California’s top court issued the ruling in a legal challenge to “Jessica’s Law” by four registered sex offenders from San Diego who argued that the restrictions on where they could live infringed on their rights under the state and federal constitutions.
A trial court ruled in favor of the plaintiffs, saying such residency restrictions were legal only when they were based on specific circumstances of each parolee. That decision was upheld by an appeals court.
“Blanket enforcement of residency restrictions against these parolees has ... infringed on their liberty and privacy interests, however limited, while bearing no rational relationship to advancing the state’s legitimate goal of protecting children from sexual predators,” Justice Marvin Baxter wrote in an opinion for the court.
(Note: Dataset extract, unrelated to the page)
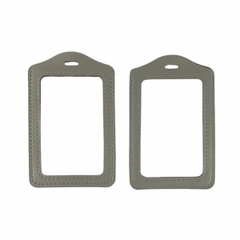 Bao đựng thẻ da 5.5x8.5cm 2 mặt kiếng đứng (50)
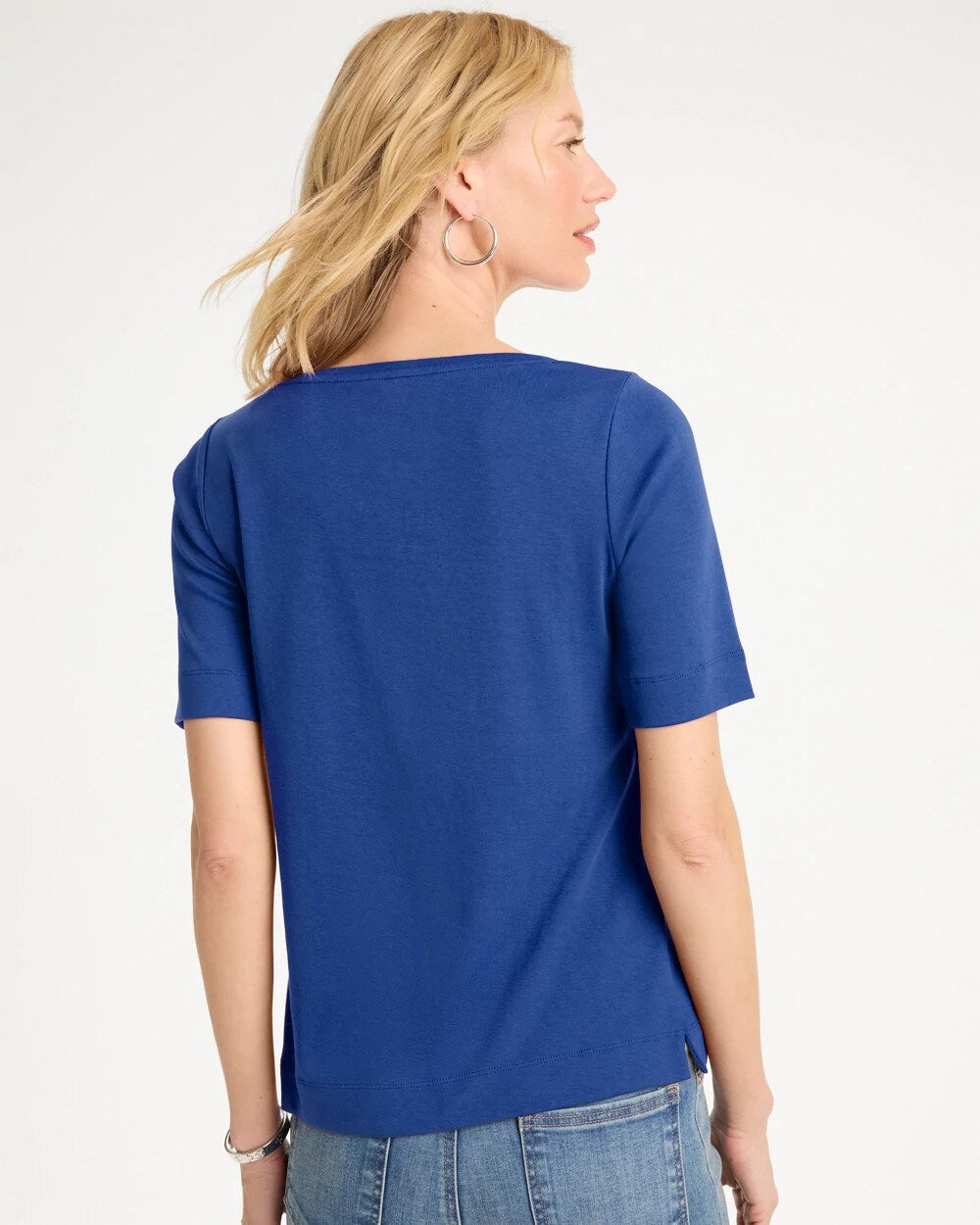 Pima Elbow Sleeve Tee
The judge added the restrictions violated the plaintiffs’ “basic constitutional right to be free of unreasonable, arbitrary and oppressive official action.”
Jessica’s Law, a ballot measure approved by California voters in 2006, makes it illegal for registered sex offenders to live within 2,000 feet (600 meters) of any school or park where children regularly gather.
A study conducted by the San Diego County District Attorney’s Office found that huge parts of San Diego, including virtually all the downtown area, were off-limits to offenders subject to those restrictions and that they were largely shut out of the rental housing market.
“The residency restrictions place burdens on registered sex offender parolees that are disruptive in a way that hinder their treatment, jeopardizes their health and undercuts their ability to find and maintain employment, significantly undermining any effort at rehabilitation,” Baxter wrote.
The court’s ruling applied only to San Diego’s enforcement of Jessica’s Law, named after a 9-year-old Florida girl who was kidnapped, raped and murdered by a man who lived near her.
But it could provide an opportunity for sex offenders in other major California cities to challenge the restrictions based on similar arguments.
A spokesman for the California Department of Corrections and Rehabilitation said the agency was reviewing the Supreme Court’s decision.